Daticon’s Invenio

August 14, 2008

eDiscovery continues to bubble despite the lousy economy in North America. Several weeks ago we started the update procedure for our eDiscovery vendors. I made a mental note to post a short item about Daticon, a company supporting organizations engaged in electronic discovery. You can learn more about this company here. What interests me is the firm’s search technology, called Invenio. The technology is based on a neural network, and when I reviewed the system, some of its features reminded me of an outfit called Dolphin Search, but I may be wrong on this point. If Invenio is Dolphin Search, let me know.

Invenio is integrated with Daticon’s management tools.

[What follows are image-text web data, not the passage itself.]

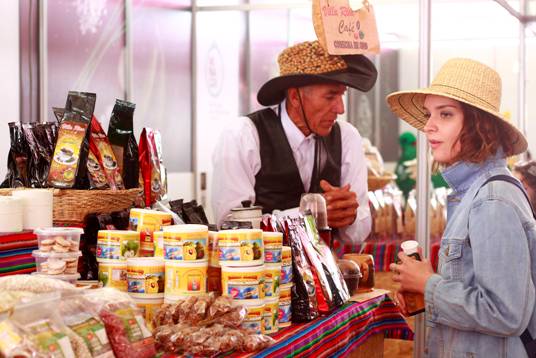 11ª edição do Mistura Festival de Sabores acontece no Peru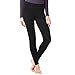 32 Degrees Heat Weatherproof Womens Base Layer Thermal Leggings Black, Large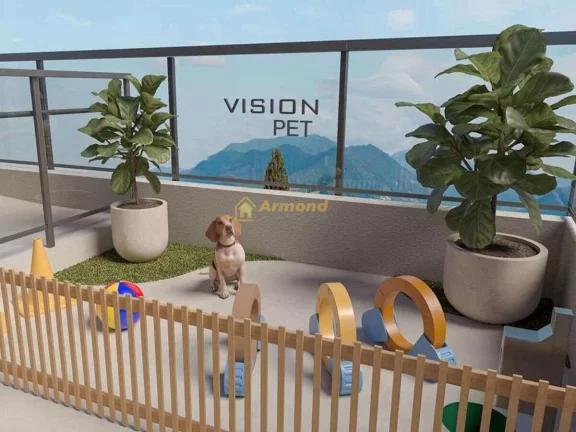 Imagem Vision: Apartamentos de 2 quartos ou 2 suítes Bom Pastor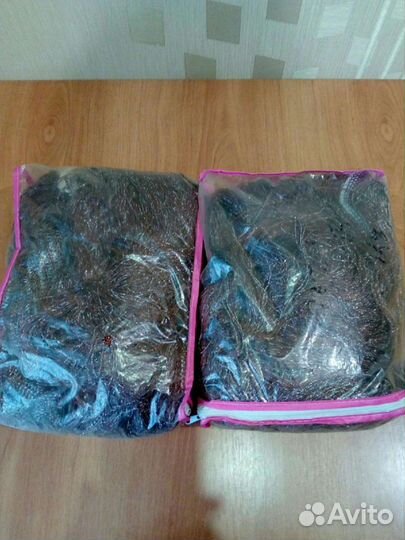 Нитевые шторы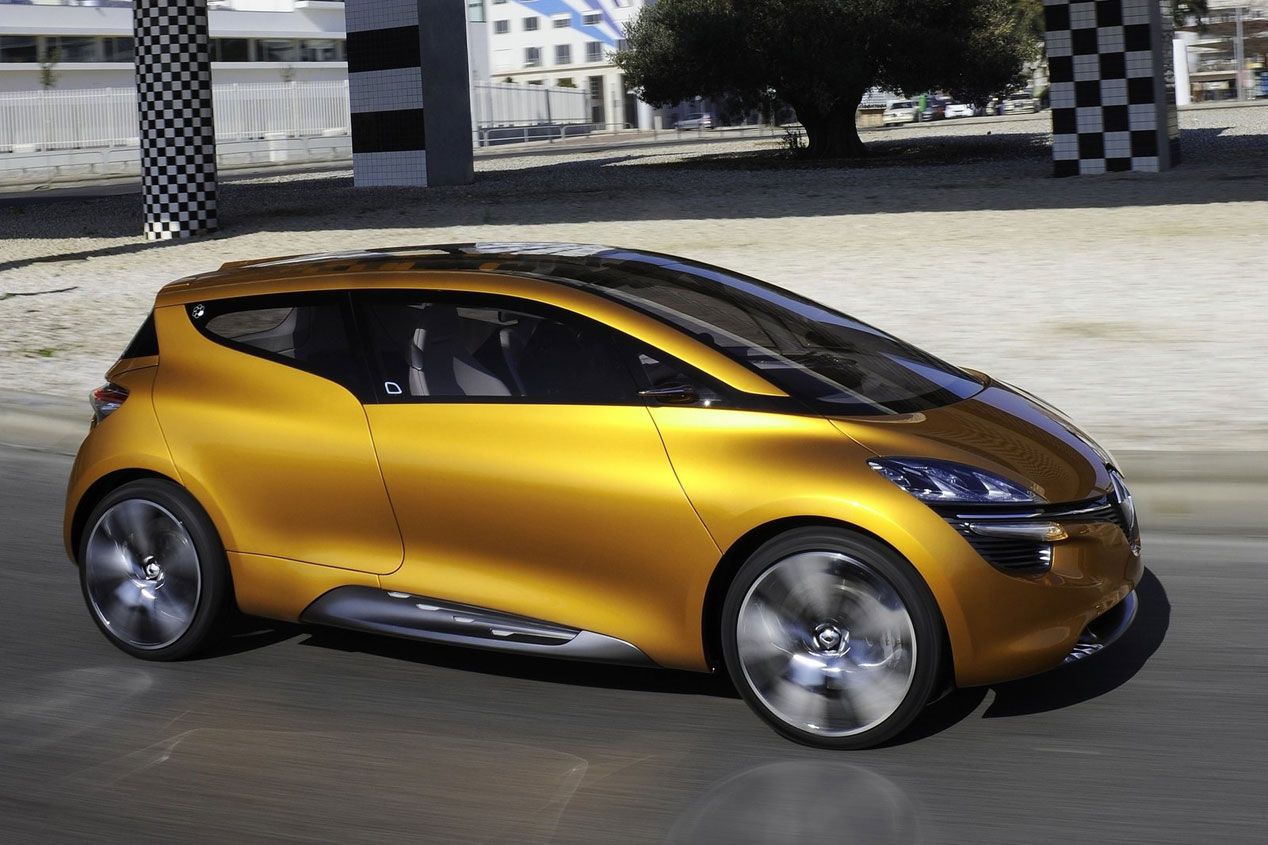 Renault Clio 2019: así podría ser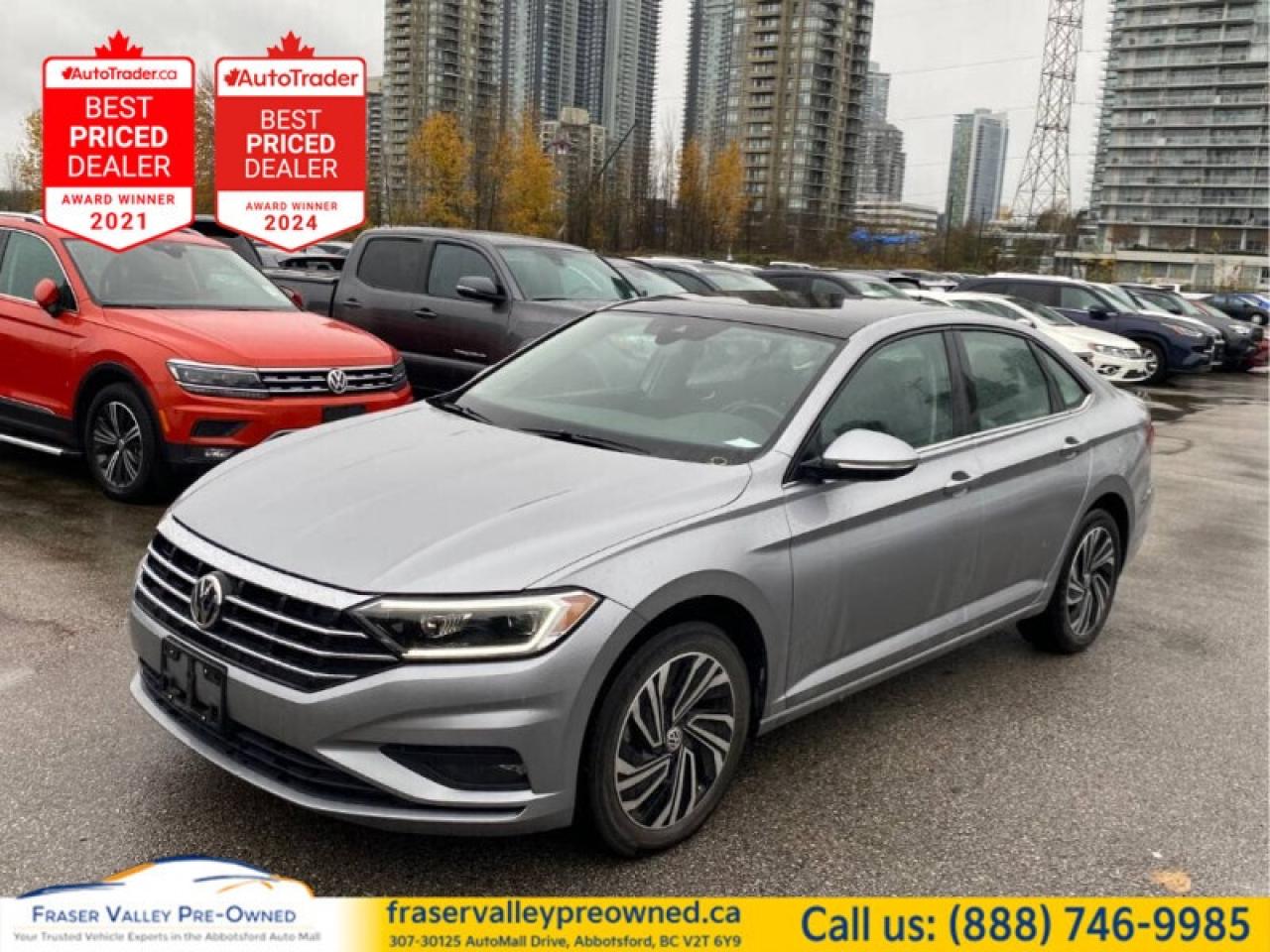 Used 2019 Volkswagen Jetta Execline Auto  Local, Clean History, No Accidents for sale in Abbotsford, BC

These tools are among the most fine grained I have seen. Once deployed, a manager can track most of the metrics associated with processing, reviewing, and screening email, documents, and other content associated with eDiscovery processes.

Here’s a representative display of system metrics.

dashboard

There are similarities between Daticon’s approach and that of other eDiscovery specialists such as Stratify and Zantaz. Daticon bundles eDiscovery with a work flow, data capture, metrics, and a range of content processing functions.

The search and content processing system support concept searching, duplicate detection and duplicate removal, email threading, non text objects, and case management tools. Essentially this is a case management function that allows analysis of activities associated with a matter.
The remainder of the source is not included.